=== About this task ===
Only one stretch of the data below is needed. Output the lines from the one with "Used 2022 Audi SQ5 Premium image 19" up to and including the one with "リュクスアイシャドウ/BOB", exactly as they stand.

=== Available records ===
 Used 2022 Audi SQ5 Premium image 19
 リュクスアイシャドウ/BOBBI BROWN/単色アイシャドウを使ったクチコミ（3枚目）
...
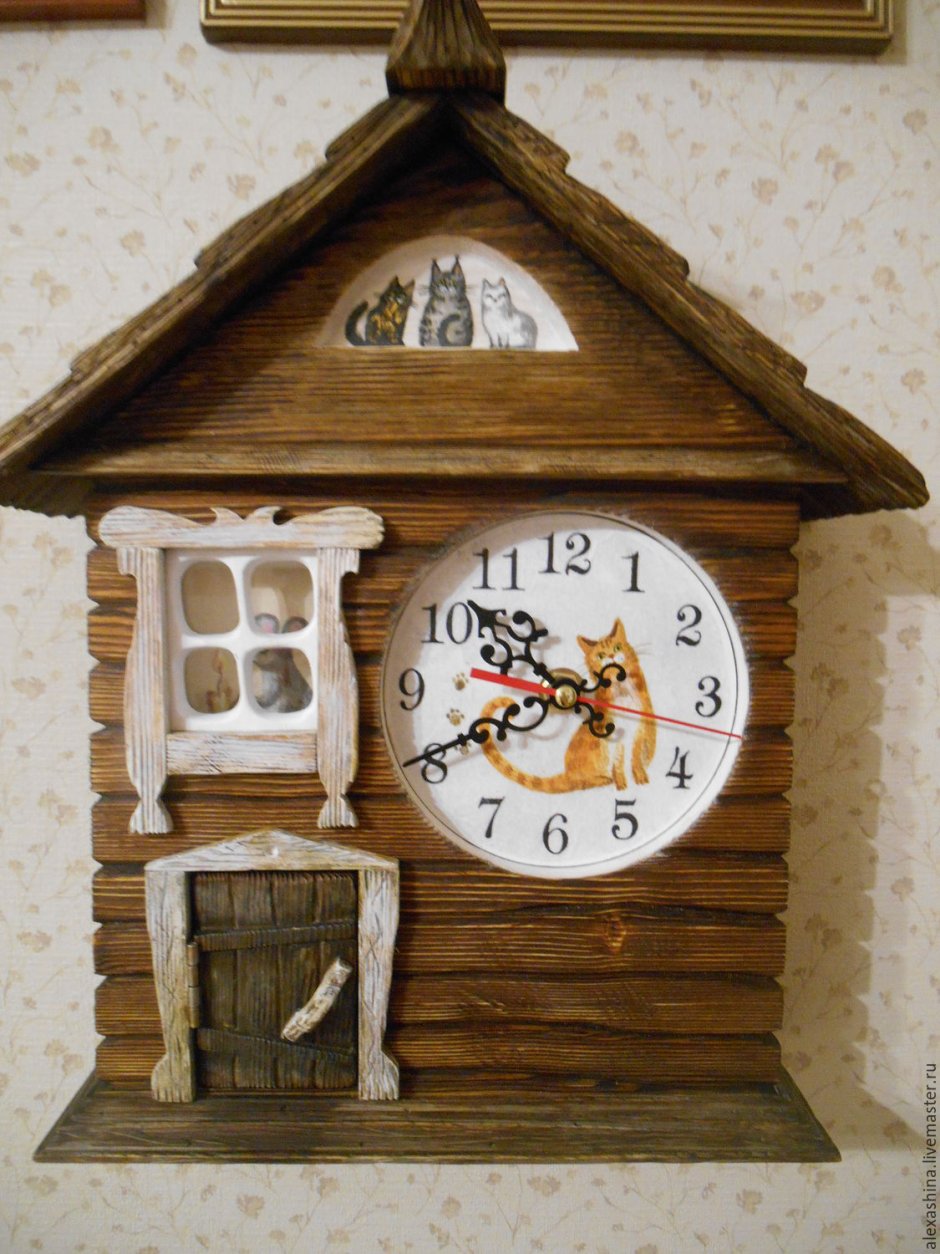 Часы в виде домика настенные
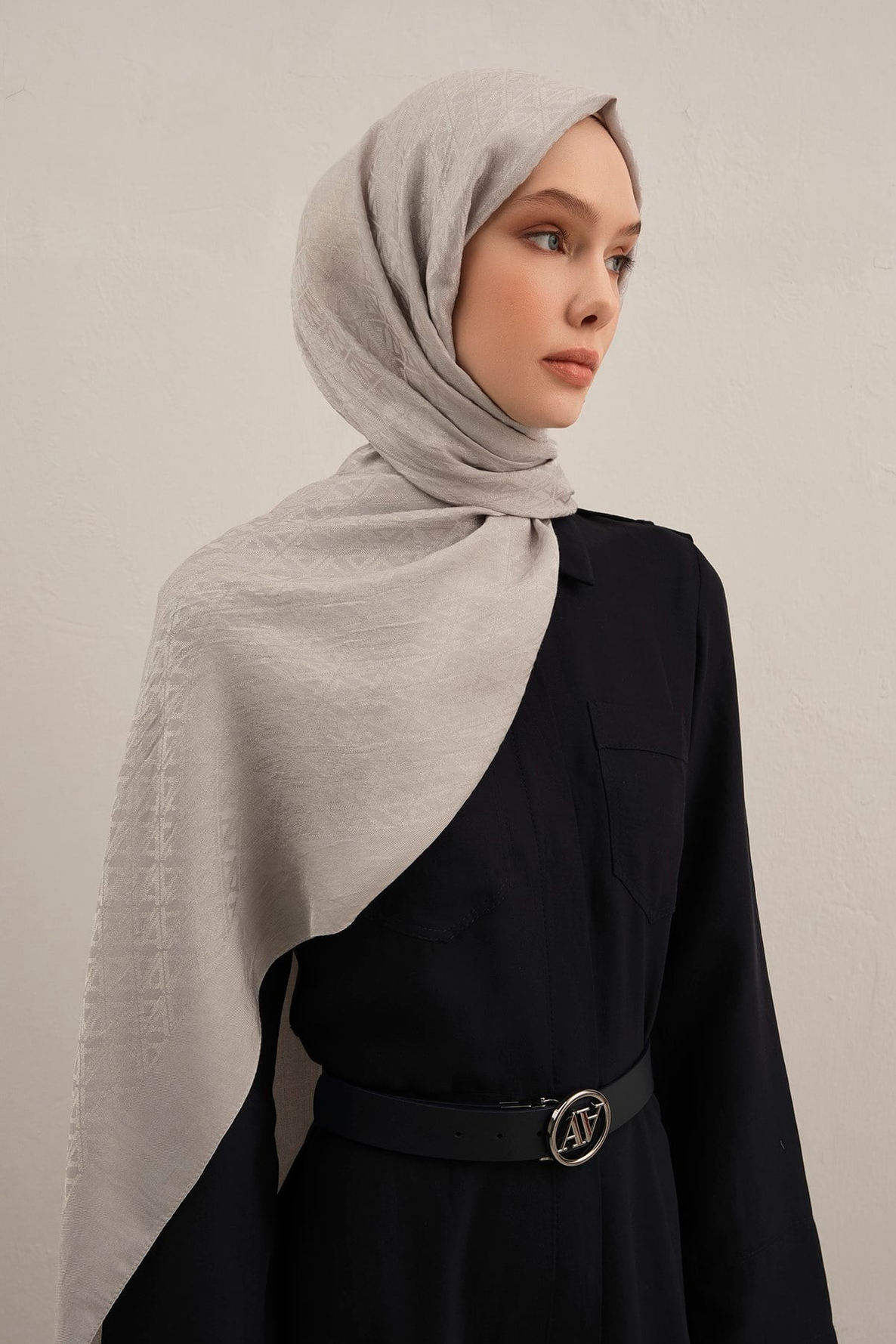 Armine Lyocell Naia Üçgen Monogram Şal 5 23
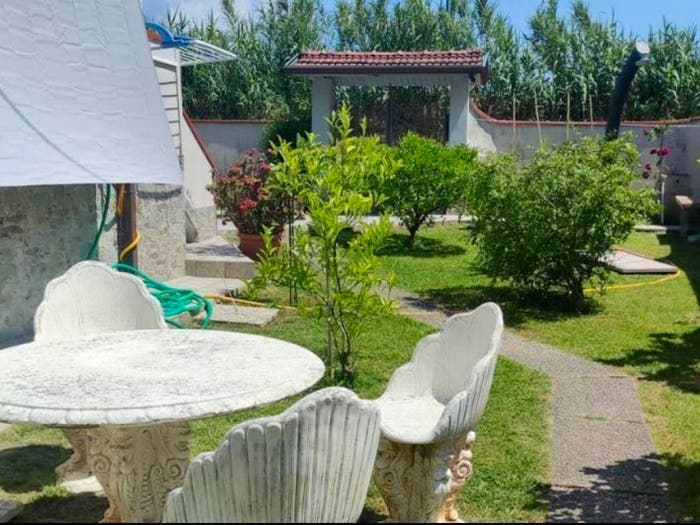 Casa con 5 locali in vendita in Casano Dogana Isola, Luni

=== Result for this task ===
 Used 2022 Audi SQ5 Premium image 19
 リュクスアイシャドウ/BOBBI BROWN/単色アイシャドウを使ったクチコミ（3枚目）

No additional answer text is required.